À la lecture de la première partie, force est de constater que le monde du numérique et les transformations qui l’accompagnent ne sont pas encore véritablement pris en compte dans les politiques territoriales. Dans cet état des lieux, le rapport pointe tout d’abord les inégalités en matière d’accès et d’usage, pour ensuite s’intéresser aux conséquences du progrès technologique sur la société : modification des modes de travail et de production, accélération du temps, recomposition de la chaîne de valeur ou encore nouveau rapport au savoir. Il examine enfin les politiques actuelles autour de ces enjeux. Il en ressort que par rapport aux autres pays, la France apparaît comme un acteur « moyen et suiviste » en matière de politique autour de l’économie numérique, sans retard grave mais « sans avance dans un secteur particulier » non plus.

Selon le rapport Lebreton, « la grande majorité des élus territoriaux considèrent désormais que les technologies numériques et l’internet jouent un rôle puissant de transformation des capacités de leur territoire à survivre et à se développer. » Néanmoins, les possibilités du numérique sont multiples et pas toujours aisées à appréhender. Pour cette raison, la seconde partie recense les principaux domaines pouvant faire l’objet de choix politiques dans ce domaine : la manière même de concevoir la ville tout d’abord, mais aussi le développement des territoires, tant sur le plan de l’emploi que du tourisme ou de la consommation énergétique ; l’éducation ; la santé et la prise en charge de la dépendance ; l’administration et l’accès aux services publiques ou encore l’accompagnement des usages numériques.

Le rapport s’achève sur une série de 22 recommandations, certaines plutôt généralistes et visant à se doter d’outils d’observation, de concertation ou de mutualisation, d’autres axées sur des domaines précis comme le développement du télétravail ou la prise en compte du numérique comme une discipline fondamentale dans le système éducatif.


Guide Syntec Numérique : une typologie des projets par publics cible

Plus pragmatique, le guide du Syntec se limite à un type de territoire, la ville. Il est conçu comme une boîte à idées de projets classés par domaine d’activité, en s’inspirant des 200 projets examinés pour son Baromètre. Il vise à répondre aux grandes questions que peuvent se poser les décideurs locaux : qu’est-ce qui est possible, par où commencer, à quel public s’adresser, de quelles compétences ai-je besoin, comment procéder ?

Point fort du guide, les projets ont été classés selon la typologie des publics ciblés et leurs parcours dans la ville.

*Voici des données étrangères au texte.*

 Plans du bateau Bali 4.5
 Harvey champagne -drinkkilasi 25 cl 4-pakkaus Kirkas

Par exemple, « il convient de distinguer le citoyen qui habite la ville et celui qui n’y vient que pour travailler, qui réside peut-être en milieu rural et qui ne vient qu’aux heures de bureaux. » Huit publics types sont ainsi recensés : habitants, actifs venant travailler dans la ville, entreprises, salariés, associations, administration qui fournit les services, administration qui communique et enfin touristes.

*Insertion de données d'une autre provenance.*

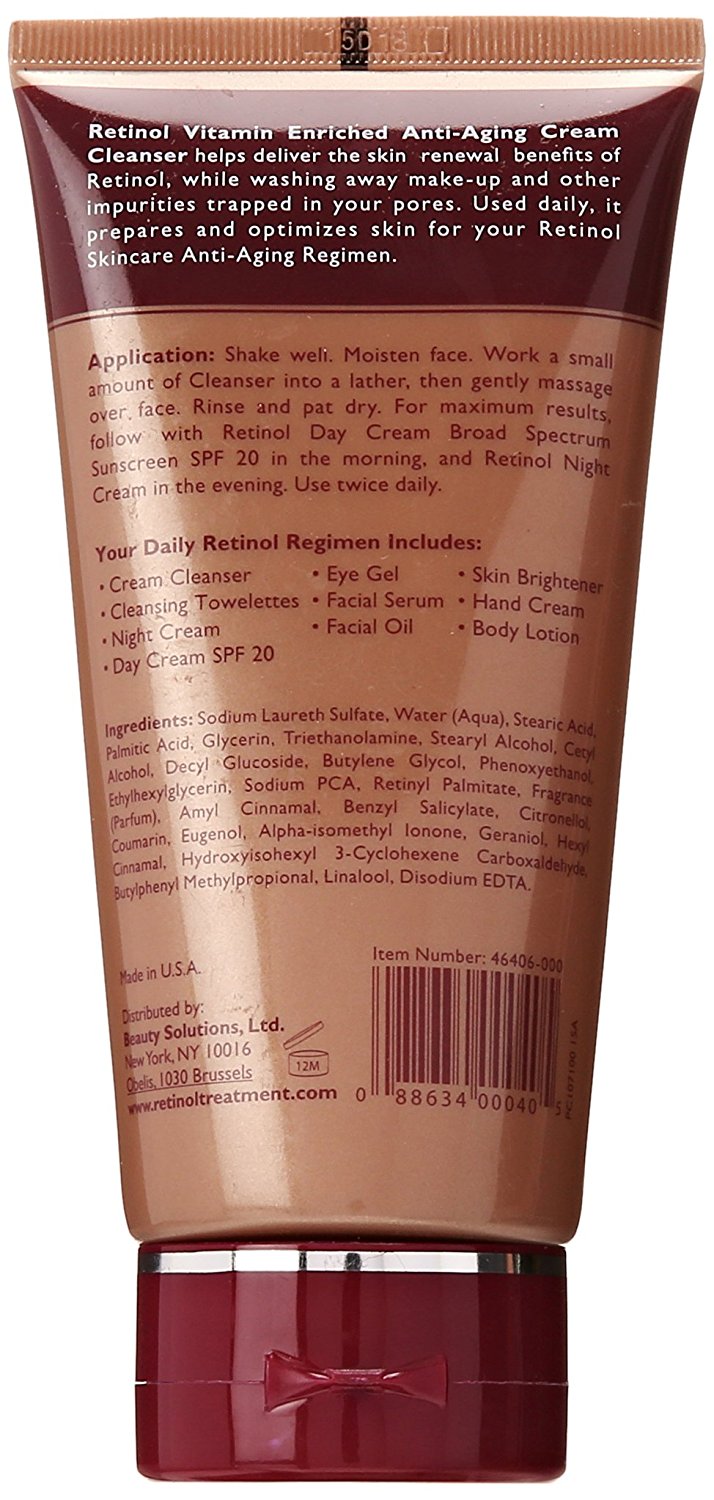 RETINOL Anti-Aging Gel Cleanser, (2-PACK) - oddros.shop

Défendant les intérêts des acteurs de l’économie numérique, le Syntec profite également du guide pour glisser une revendication sur la forme de la commande publique, relayant certaines craintes des industriels face aux procédures de type « dialogue compétitif ». Celles-ci « demandent aux industriels d’investir ou d’innover en amont des appels d’offres traditionnels. », avec deux risques : celui de ne pas récupérer leur investissement s’ils ne remportent pas l’appel d’offre, et celui « de se faire piller leur propriété intellectuelle. »


L’avis de Best Practices

Les constats dressés par le rapport Lebreton sont indéniables. Néanmoins, les recommandations proposées semblent parfois trop frileuses par rapport à l’urgence : en effet, comme le rapport lui-même l’a observé, l’une des caractéristiques de ce monde numérique est l’accélération du temps.

Dans ce contexte, la mise en place de conseils, conventions, observatoires ou statuts spécifiques sont-ils réellement les réponses les plus adaptées? Cette volonté de prudence et de mise en place de garde-fous est compréhensible, néanmoins, n’est-ce pas trop reculer le moment du saut, au risque cette fois d’accumuler un retard difficilement rattrapable ensuite ?

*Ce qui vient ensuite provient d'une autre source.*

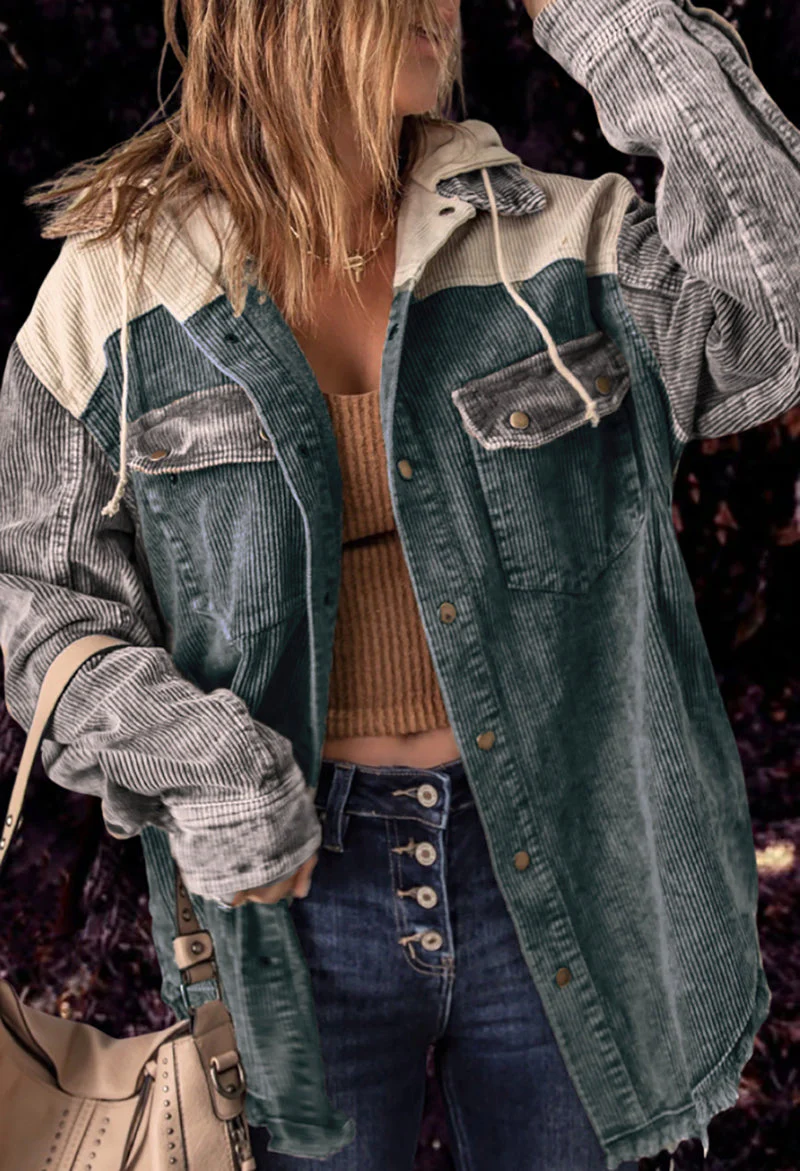 Heidi-Mode | Retro Cordjacke - Image 6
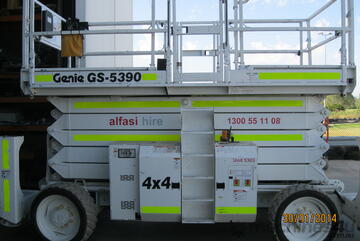 16M Rough Terrain Diesel Scissor Lift 16M Rough Terrain Diesel Scissor Lift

Si la politique est bien entendu le lieu où privilégier la réflexion, en matière d’économie numérique c’est peut-être davantage d’exemples concrets et d’actions précises et ciblées qu’ont besoin les acteurs, tant élus locaux qu’entreprises ou citoyens.
De son côté, le guide du Syntec adopte une vision proche du terrain, axée sur les projets en eux-mêmes. Pour les entreprises du secteur, le développement numérique des villes et des territoires représente en effet un marché potentiel conséquent et attractif. Néanmoins, face à la crainte évoquée dans le guide de se faire « piller leur propriété intellectuelle », l’on pourrait objecter que certaines pratiques commerciales actuelles ne favorisent pas la mutualisation des ressources et des projets, un enjeu important pour les collectivités en plein contexte d’optimisation budgétaire.


Retour sur le projet IssyGrid

Il y a un an, Best Practices Systèmes d’Information présentait un projet mené par la ville d’Issy-Les-Moulineaux autour des réseaux intelligents ou smart grids (voir Best Practices n°94, 8 octobre 2012) l’un des chantiers possibles pour les villes numériques de demain selon le Syntec. Depuis septembre 2013, ce smart grid est opérationnel dans le quartier Seine Ouest.

Ce projet devait répondre à deux grands objectifs :

  • permettre à la ville et aux habitants de réaliser des économies grâce à l’optimisation des consommations et à la mutualisation des ressources entre les bureaux, logements et les commerces ;
  • contribuer au lissage des pointes de consommation électrique et à l’équilibre général du réseau.

Ce réseau intelligent mis en place repose notamment sur un système d’information conçu par Embix, Steria et Microsoft, capable d’analyser la production et la consommation d’énergie dans le quartier. Il nécessite également d’équiper les bâtiments de dispositifs de mesure et de pilotage afin de suivre et d’ajuster la consommation d’énergie. Deux immeubles de bureaux et près d’une centaine de logements sont actuellement dotés de tels outils, des compteurs intelligents pour les particuliers et des systèmes de pilotage plus complexes pour les immeubles de bureau. Enfin, un réseau d’éclairage public basé sur des lampadaires communicants a été mis en place dans trois rues. L’éclairage peut ainsi s’adapter automatiquement en fonction de l’heure, du trafic et des saisons.